RECORDED DATA.

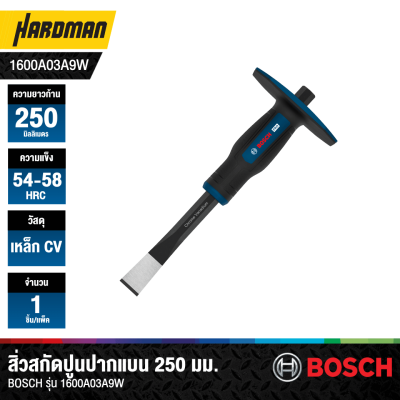 สิ่วสกัดปูนปากแบน 250 มม. BOSCH รุ่น 1600A03A9W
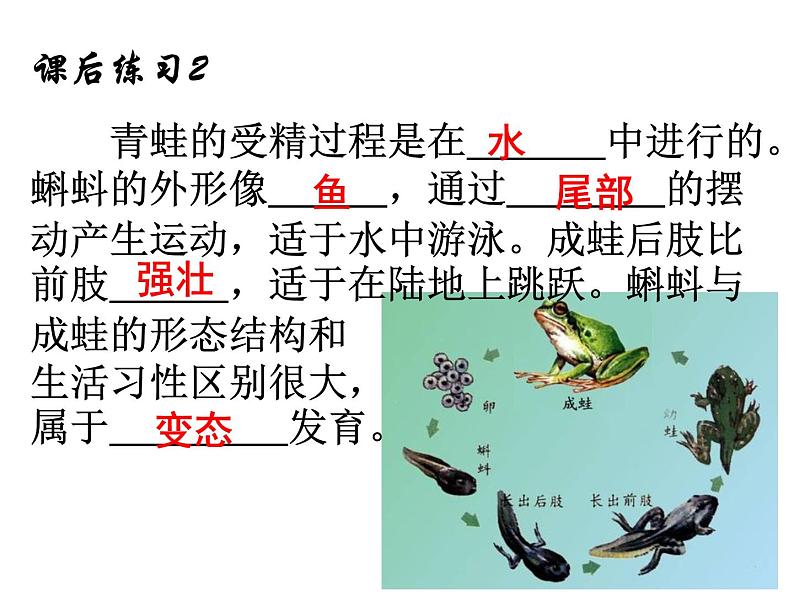 人教版生物八年级下册 第三节 两栖动物的生殖和发育 (2) 课件第7页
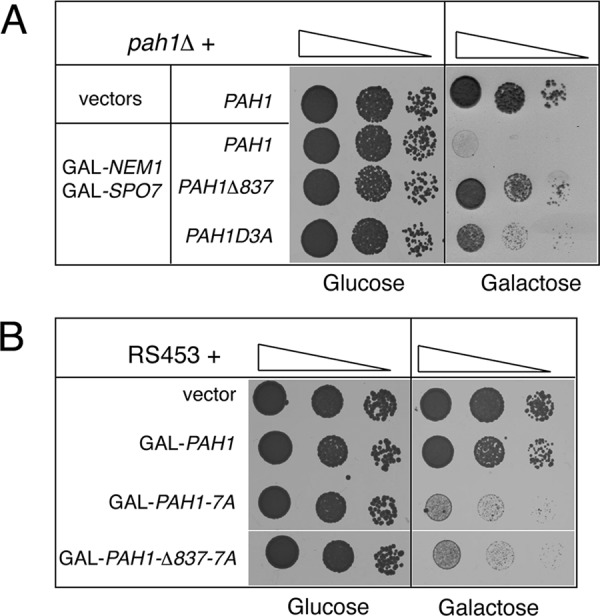 FIGURE 6:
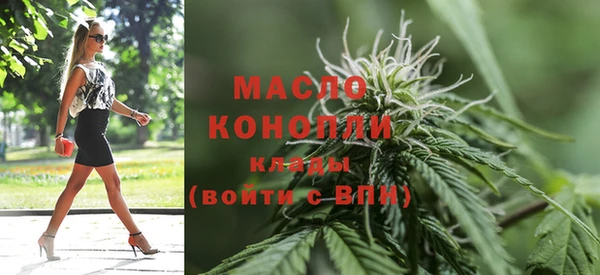 индика Ветлуга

WHAT YOU NEED TO DO. Skipping the pictures, transcribe each line above exactly as it appears.

ANSWER SECTION.
 สิ่วสกัดปูนปากแบน 250 มม. BOSCH รุ่น 1600A03A9W
 人教版生物八年级下册 第三节 两栖动物的生殖和发育 (2) 课件第7页
 FIGURE 6:
 индика Ветлуга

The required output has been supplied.